◆ Exercise ◆
Each line between the one holding "Terreno a una cuadra de Aviadores del Chaco" and the end of the material below, both included, is to be transcribed word for word, with pictures left out.

◆ Input data ◆
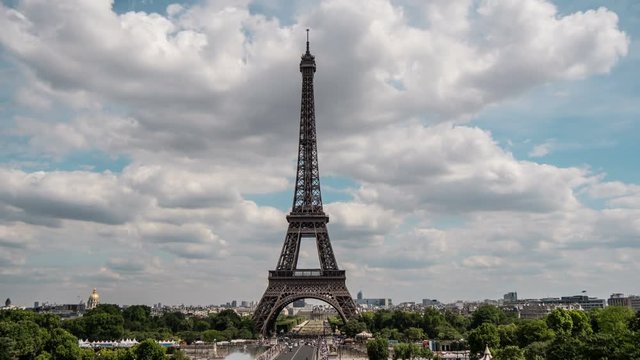 Timelapse of the Eiffel Tower in Paris 
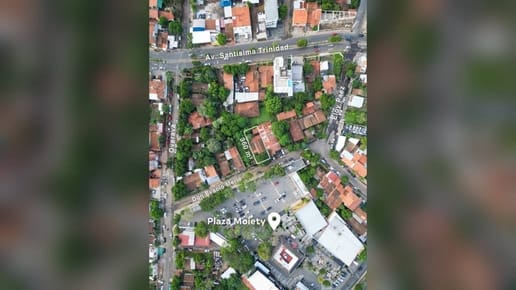 Terreno a una cuadra de Aviadores del Chaco
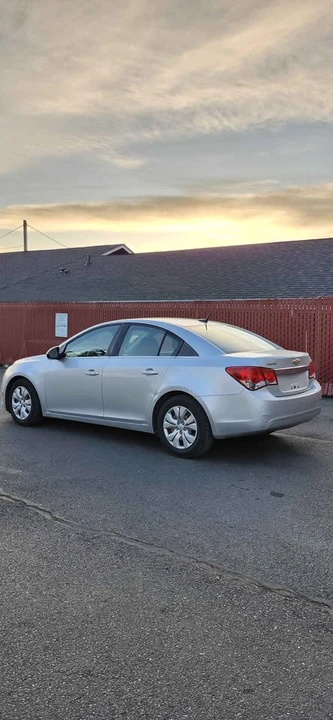 2012 Chevrolet Cruze - Image 3 of 11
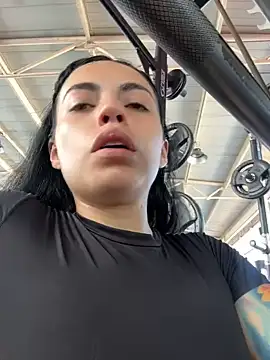 i am nina  online show from 06-20-26, 07:19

◆ Solution to the problem ◆
 Terreno a una cuadra de Aviadores del Chaco
 2012 Chevrolet Cruze - Image 3 of 11
 i am nina  online show from 06-20-26, 07:19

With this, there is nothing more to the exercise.